Ace Drummond is a Universal Pictures 1936 film serial based on the comic strip "Ace Drummond" written by Captain Eddie Rickenbacker and drawn by Clayton Knight. The serial's cast  features John King, Jean Rogers, Noah Beery Jr. and Jackie Morrow, with Lon Chaney Jr. in a supporting role.

Plot
A mysterious villain who calls himself the Dragon is attempting to prevent International Airways from beginning service in Mongolia, in order to protect the secret of the mountain of jade for himself.

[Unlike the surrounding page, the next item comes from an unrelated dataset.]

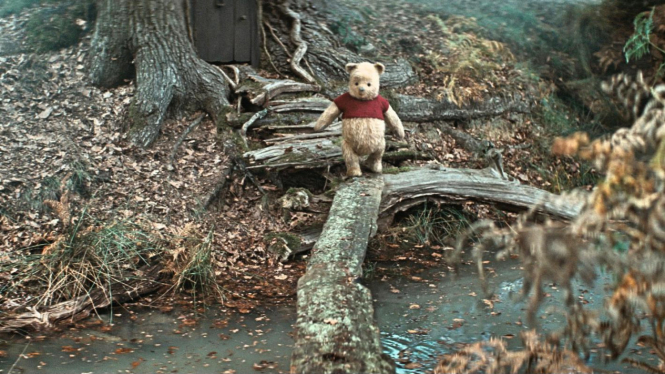 Winnie the Pooh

The serial features a dungeon in the nearby monastery, the kidnapping of an archeologist who stumbles onto the secret, his daughter's attempts to rescue him with Ace's help, a death ray the Dragon uses on the airline pilots, a radio system by which The Dragon communicates with his henchmen via the rotation of Buddhist prayer wheels (each transmission concluding "The Dragon commands!"), and a squadron of his own fighter planes.

Cast
John King as Ace Drummond
Jean Rogers as Peggy Trainor
Noah Beery Jr. as Jerry
Jackie Morrow as Billy Meredith
Selmer Jackson as Mr. Meredith
Guy Bates Post as the Grand Lama
C. Montague Shaw as Trainor
Frederick Vogeding as Bauer
Al Bridge as Wyckoff
Chester Gan as Kai-chek
James B. Leong as Henry Kee
James Eagles as Johnny Wong
Arthur Loft as Chang Ho
Lon Chaney Jr. as Henchman Ivan
Stanley Blystone as Henchman Sergei
Edmund Cobb as Henchman Nikolai
Richard Wessel as Henchman Boris

together with:  
Sam Ash as LePage; Hooper Atchley as Caldoni; Louis Vincenot as Lo Tan; Eddie Parker as Dmitri; Tom Steele and George De Normand as Other Henchman;
Russell Wade as Pilot; House Peters Jr. as Co-Pilot; Diana Gibson as Stewardess; and Ed Piel Sr. as Passenger.

Production
Ace Drummond was based on a comic strip by Captain Eddie Rickenbacker.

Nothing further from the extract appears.